Comment by alexey-salmin
1 day ago
Nope. If the only kilowatts at your disposal are the ones that you, your slaves and your horses can digest, you cannot just upscale the production of goods (or anything else) arbitrarily. The whole economy is bottlenecked on production which is bottlenecked on energy supply. Increasing the demand when supply is the problem would only make things worse.
However once you're burning coal (or harness the wind in case of dutch) things are very different, kilowatts flow freely and all the things you say above start to be true.
From 1000-1700 there was increasing wealth in Europe not through serfdom intensifying (but see Poland) but through increased trade, fishing, agricultural improvements and culminating in the steam engine. Watermills were medieval inventions.
Smith's pin factory has no steam engine. Nor did Slaters mill which created US industrialization. Steam required institutions to grow, institutions that had created growth earlier.
Agreed, and that is aligned with the point I'm making: bottleneck was the production, not consumption. Saying that increased consumption of freed slaves would somehow pull you out of pre-industrial age (the comment I was replying to) is just bonkers.
The increased production was indeed a result of centuries of incremental improvements. You're right to point out that some of them were not about energy, but I would argue that all of the big ones were.
Slaters mill put hydropower to work and even though watermills were medieval, the machines that poured that energy into cotton weren't. Same with the windmills during the Dutch Golden Age which I mentioned above. Increased trade happened through massive wind-powered ships, not slave galleys. (Though the Smith pin factory unlike the Slaters mill is not a real factory but a criticized thought experiment, I wouldn't consider it too influential)
But yes, indeed the steam appeared at the right time, only when there was enough technology to put it to use down the line.
Watermills are pretty limited technology, though. It is advantageous to build them on rivers in hilly terrain, which is usually far from the seaports that are used for trade. Hilly terrain is also often agriculturally subpar, therefore you need to import food for the workers from the lowland, making the operation more expensive.

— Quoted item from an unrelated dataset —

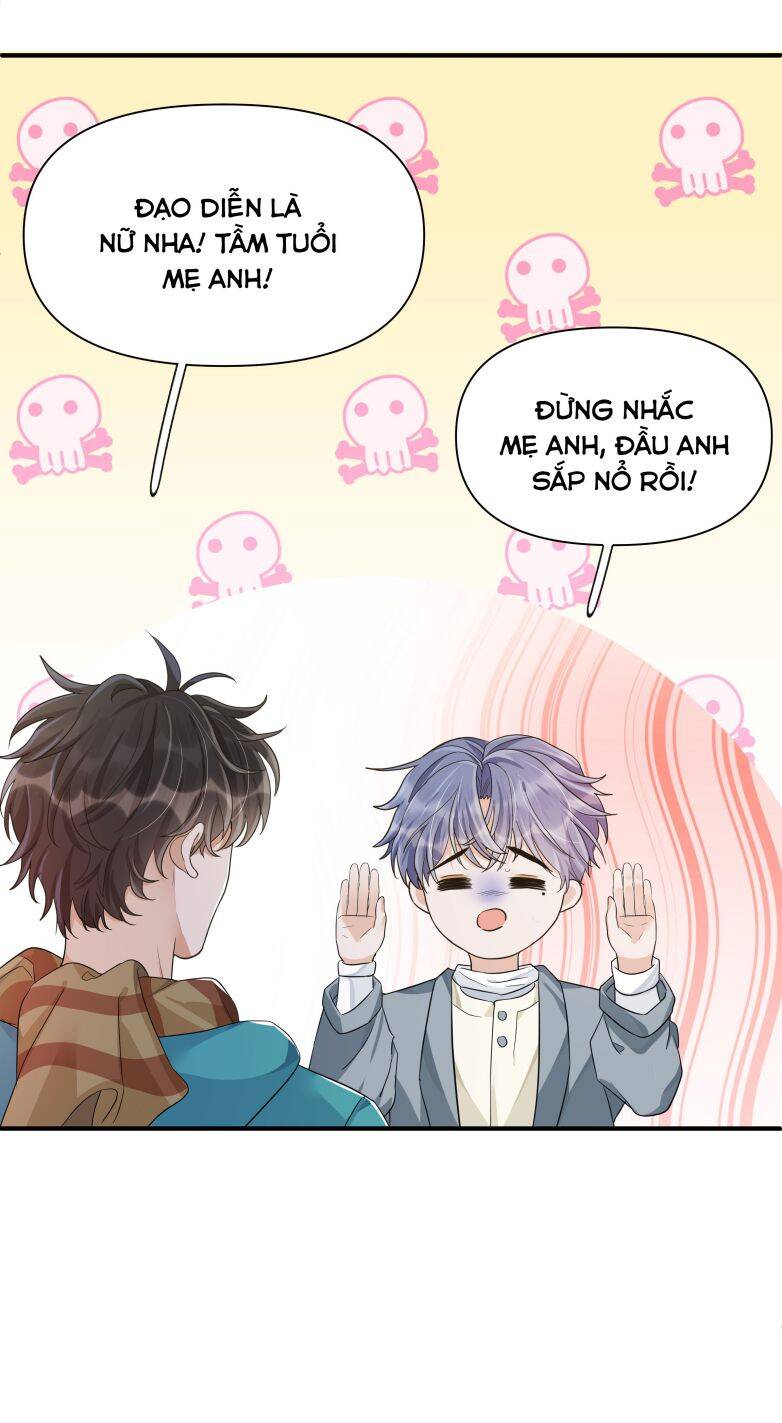 Viên Tiên Sinh Luôn Không Vui Chapter  13 - 23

Finally, medieval watermills cannot produce heat, which is absolutely necessary for production of iron and steel. Which means that you cannot increase production of iron and steel beyond pre-modern levels, a major obstacle in development of technical civilization.
I would say that inventing new technologies is one of the things that isn't possible when you've enslaved the inventors and made them farmworkers.
I mean, making them do research might work. That's a command economy, aka actually existing communism. Should be able to invent the waterwheel and crop rotation.
I do think it's hard to invent antibiotics and the Haber-Bosch process, and without that you are still in a Malthusian economy where everyone's going to die if they slack off farming.
Well yes, but how is this even relevant to the conversation? No one says innovation thrives with slavery. The point made is very simple, it's about commandable energy and EROI in particular. No amount of antibiotics can change that.